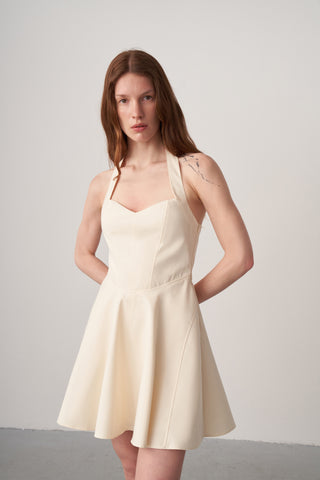 Halter Yaka Volanlı Mini Elise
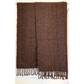 brown handwoven blanket 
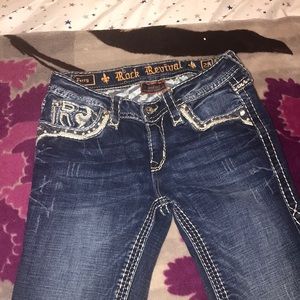 boot cut rock revival jeans size 28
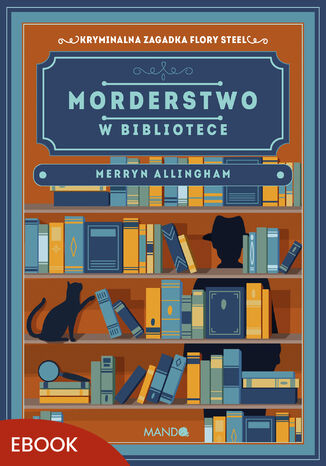 Morderstwo w bibliotece Merryn Allingham - okladka książki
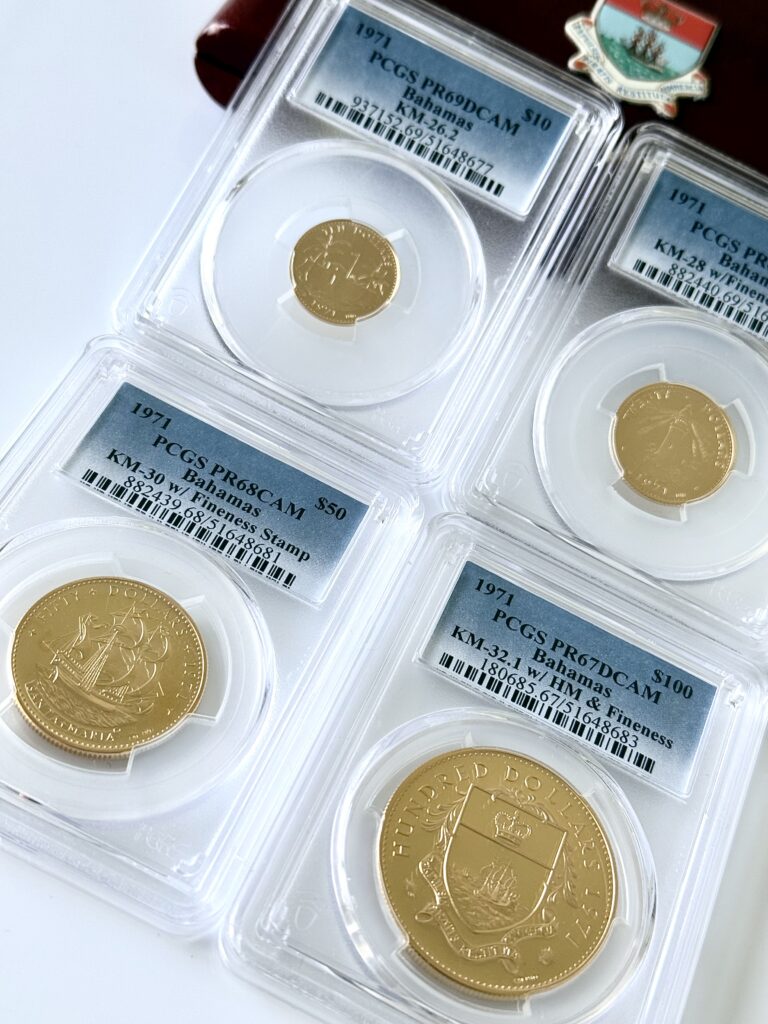 1971 年稀有金质收藏币：独特珍品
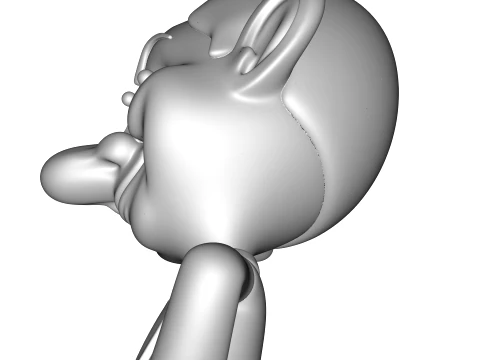 Mr Bean Stylized PBR 3D Collectible Figure 3D Print Model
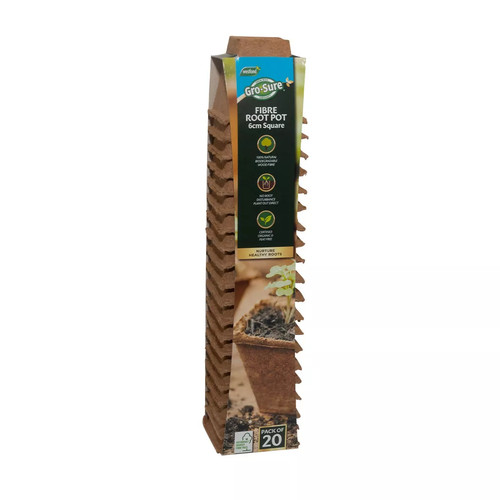 Gro sure square - pots, 6cm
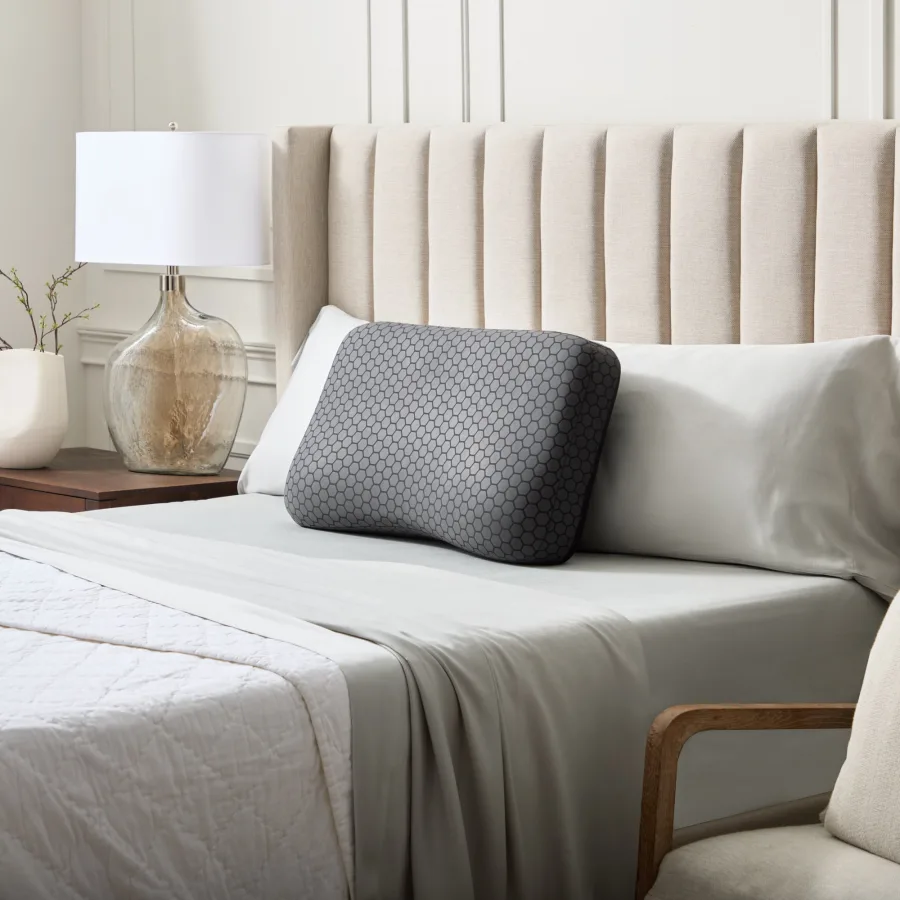 Malouf HexCurve Pillow with OmniPhase cooling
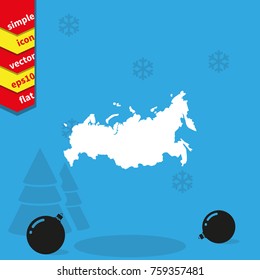Russia detailed map.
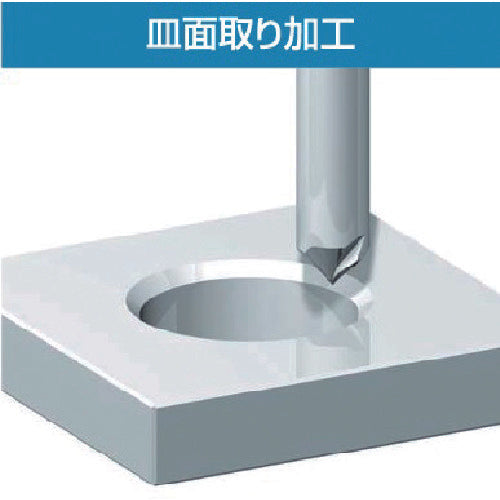 후지모토 센터 모따기 밀 알루미늄 사무라이 φ4 AZ4-90-L60 1개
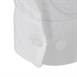Camisa unisex Uniform Works manga larga blanca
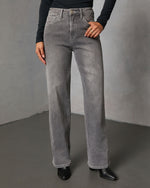 Amiri Super Stretch High Rise Straight Jeans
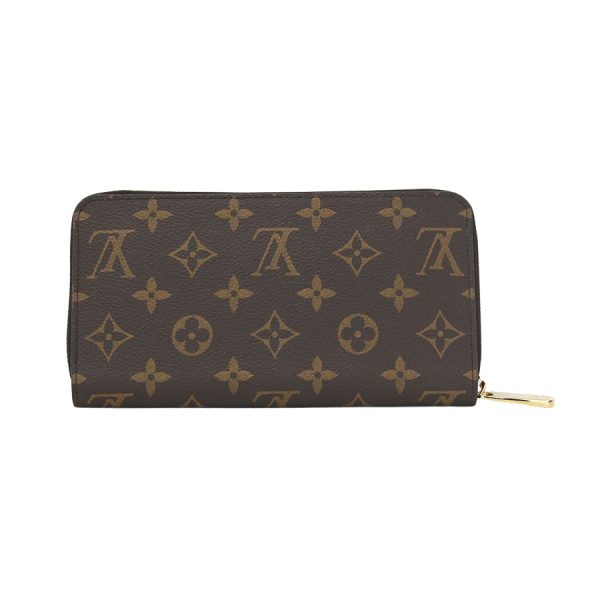 imgrc0182090942 Louis Vuitton Zippy Long Wallet Monogram Brown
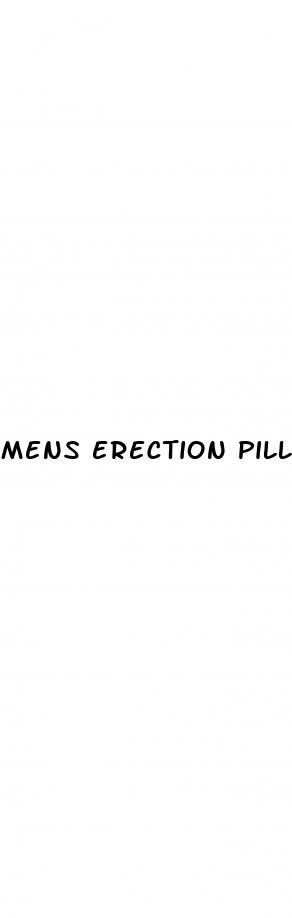 mens erection pills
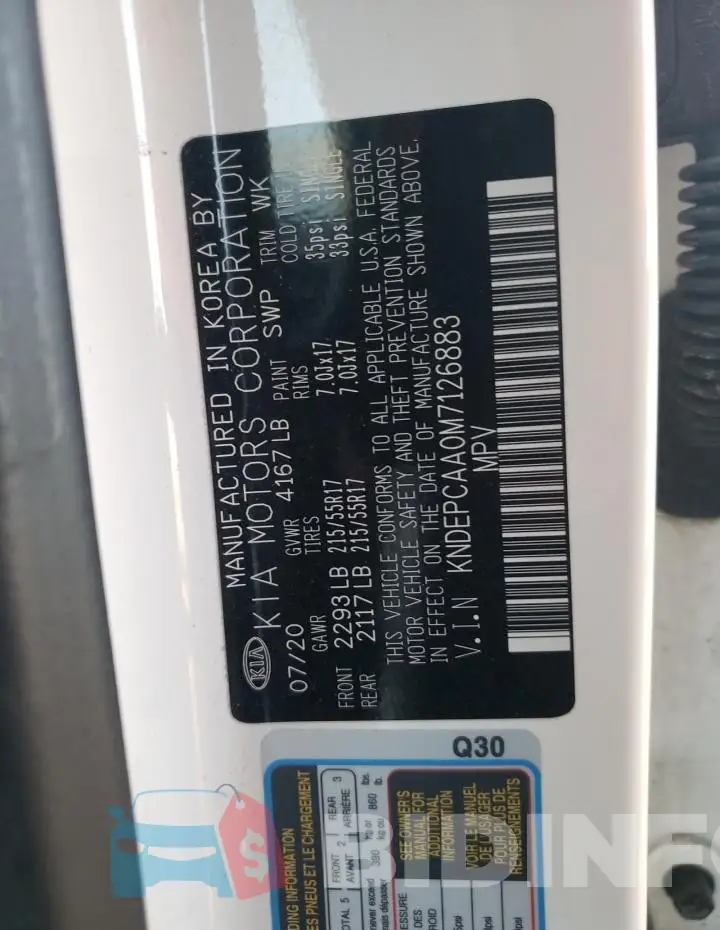 KNDEPCAA0M7126883 Photo# 12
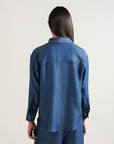 Ease Button Down - Indigo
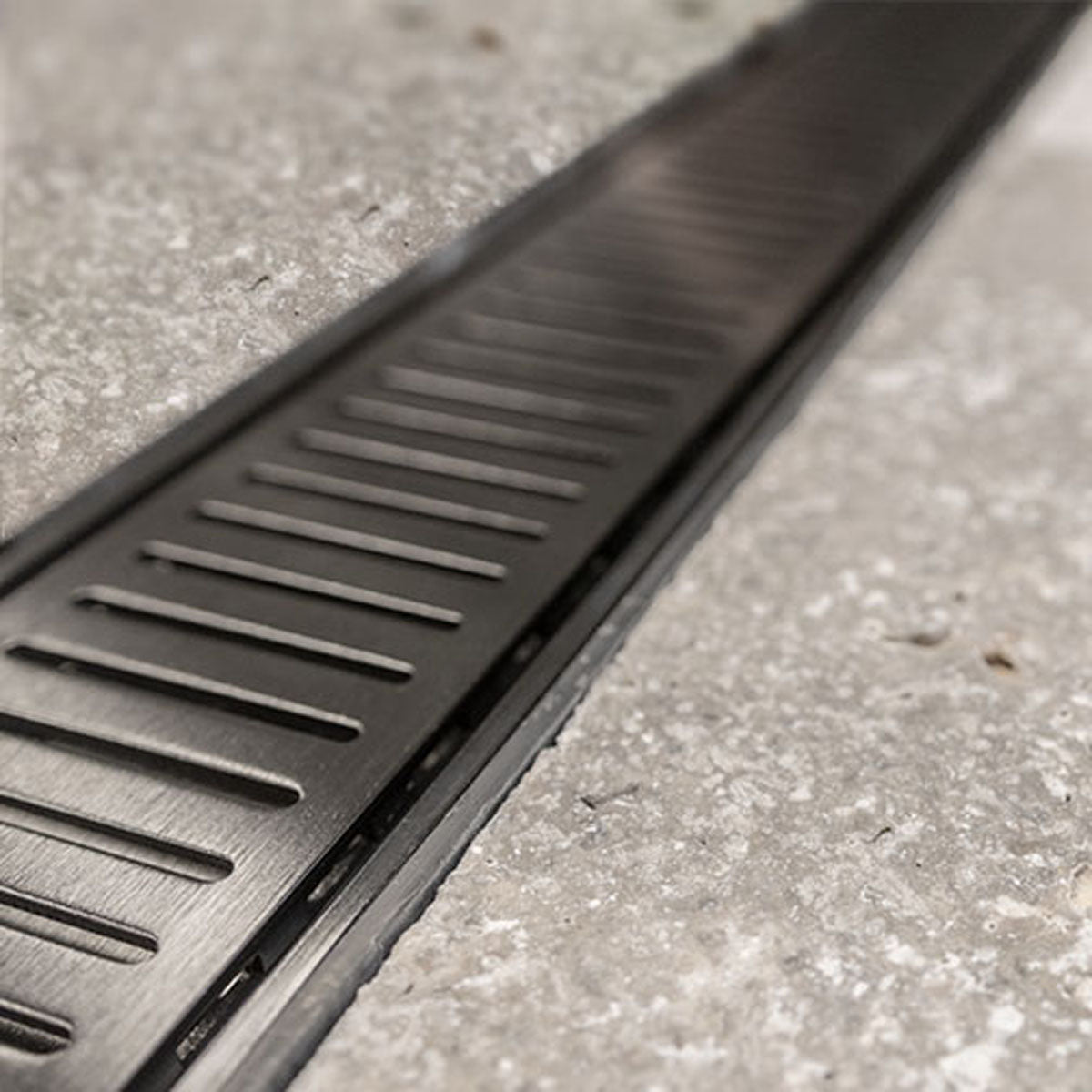 Lauxes Grates Linear shower Drain NeXT Generation - Black CUSTOM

-- Instructions for the task --
Type the listing above out again exactly, and omit all pictures.

-- Result of this exercise --
 Halter Yaka Volanlı Mini Elise
 brown handwoven blanket 
 boot cut rock revival jeans size 28
 Morderstwo w bibliotece Merryn Allingham - okladka książki
 1971 年稀有金质收藏币：独特珍品
 Mr Bean Stylized PBR 3D Collectible Figure 3D Print Model
 Gro sure square - pots, 6cm
 Malouf HexCurve Pillow with OmniPhase cooling
Russia detailed map.
 후지모토 센터 모따기 밀 알루미늄 사무라이 φ4 AZ4-90-L60 1개
Camisa unisex Uniform Works manga larga blanca
 Amiri Super Stretch High Rise Straight Jeans
 imgrc0182090942 Louis Vuitton Zippy Long Wallet Monogram Brown
 mens erection pills
 KNDEPCAA0M7126883 Photo# 12
 Ease Button Down - Indigo
 Lauxes Grates Linear shower Drain NeXT Generation - Black CUSTOM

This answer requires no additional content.